Math Construct Library

The math construct layer (design.md §7.4) builds on Scale and coordinate systems, providing Manim-style but interactive math objects. All constructs are pure functions producing a single IMObject2D (all contours internal), runnable headlessly, with standard animation APIs (create/fadeIn/…) on RegisteredObject2D.

Numbers and labels: axis ticks, matrix/table entries, and decimalNumber use OpenType outline glyphs (same font stack as Text and LaTeX pipeline). Use textObject / layoutMathJaxLatex for formulas and long text.

Coordinate constructs

Factory	Description
scene.getAxes(props)	Register axes, returns RegisteredAxes2D (with handle); ticks/labels from Scale
numberLine(spec)	1D number line: maps data domain to world segment with ticks and numbers
numberPlane(spec)	Cartesian grid plane
polarPlane(spec)	Polar grid (concentric circles + radial spokes)
complexPlane(spec)	Complex plane (isomorphic to numberPlane, Re/Im semantics)

import { numberLine, numberPlane, polarPlane } from "@intermact/core";

const line = numberLine({ domain: [0, 10], center: xy(0, 0), length: 10, tickCount: 6 });
const grid = numberPlane({ x: [-5, 5], y: [-3, 3], tickCount: 8 });
const polar = polarPlane({ center: xy(0, 0), maxRadius: 4, radiusStep: 1, spokes: 12 });

Axis-attached constructs

These accept ax.handle (AxesHandle), positioning via c2p (data → world point) to stay aligned with axes. AxesHandle also exposes xScale/yScale (M7); constructs share the same scale as axes.

Factory	Description
functionGraph(handle, fn, opts?)	y = f(x) polyline
parametricGraph(handle, fn, opts?)	Parametric curve t → [x, y]
areaUnderCurve(handle, fn, range, opts?)	Fill between curve and baseline
riemannRectangles(handle, fn, opts?)	Riemann sum rectangles, converges with n
tangentLine(handle, fn, at, opts?)	Tangent (slope via central difference)

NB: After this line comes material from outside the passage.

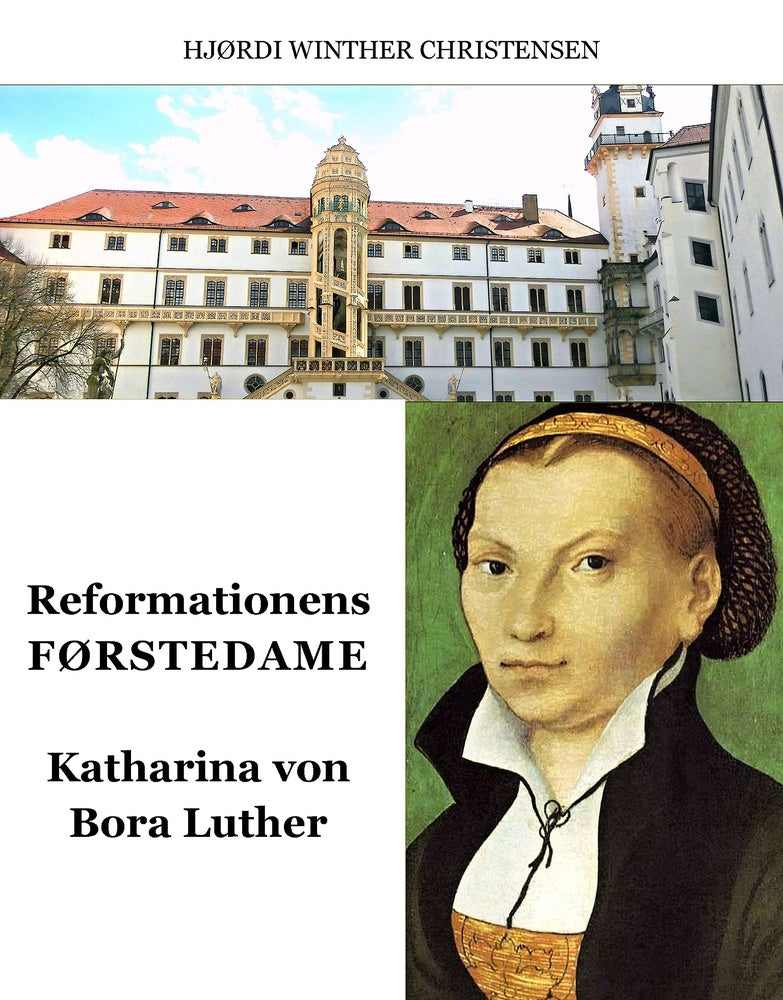 Reformationens førstedame - Katharina von Bora Luther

import { functionGraph, riemannRectangles, tangentLine } from "@intermact/core";

const ax = scene.getAxes({ x: [0, 3], y: [0, 9], tickCount: 6 });
scene.register(functionGraph(ax.handle, (x) => x * x));
scene.register(riemannRectangles(ax.handle, (x) => x * x, { domain: [0, 3], n: 12 }));
scene.register(tangentLine(ax.handle, (x) => x * x, 1.5, { length: 1 }));

Helpers riemannSum(fn, domain, n, sample?) and slopeAt(fn, at, dx?) return numeric values for readouts or test assertions. Sample positions "left" | "midpoint" | "right" determine rectangle height sampling.

Expression and annotation

Factory	Description
matrixObject(spec)	Bracketed matrix; internal column/row sizing
tableObject(spec)	Grid-lined table
brace(target, direction, opts?)	Brace along a target edge
decimalNumber(tracker, opts?)	Number refreshed live from tracker (M6 reactive)

brace accepts Bounds2D or any IMObject2D (reads geometry bounds); direction points outward (e.g. [0, -1] = below). Keeps constructs layer independent of scene/RegisteredObject.

import { matrixObject, brace } from "@intermact/core";

const m = matrixObject({ values: [[2, -1], [0, 3]], center: xy(-3, 1) });
scene.register(m);
scene.register(brace(m, [0, -1], { depth: 0.35 }));

c2p alignment and reactive

functionGraph/riemann/tangent etc. call handle.c2p on each rebuild, so when wrapped in derived([...]) driven by signal/valueTracker, they recompute live (riemann converges with n, tangent updates slope at moving point). Consistent with M6 reactive chain.

Related examples

• math/axes-functiongraph — Axes + FunctionGraph/Parametric, c2p alignment
• math/riemann-sum — Riemann sum converges to ∫₀³x²dx = 9
• math/tangent-derivative — Explorable derivative: moving-point tangent + slope readout
• math/matrix-table-brace — Matrix/Table/Brace + DecimalNumber updated by tween
• math/planes — NumberPlane / PolarPlane / ComplexPlane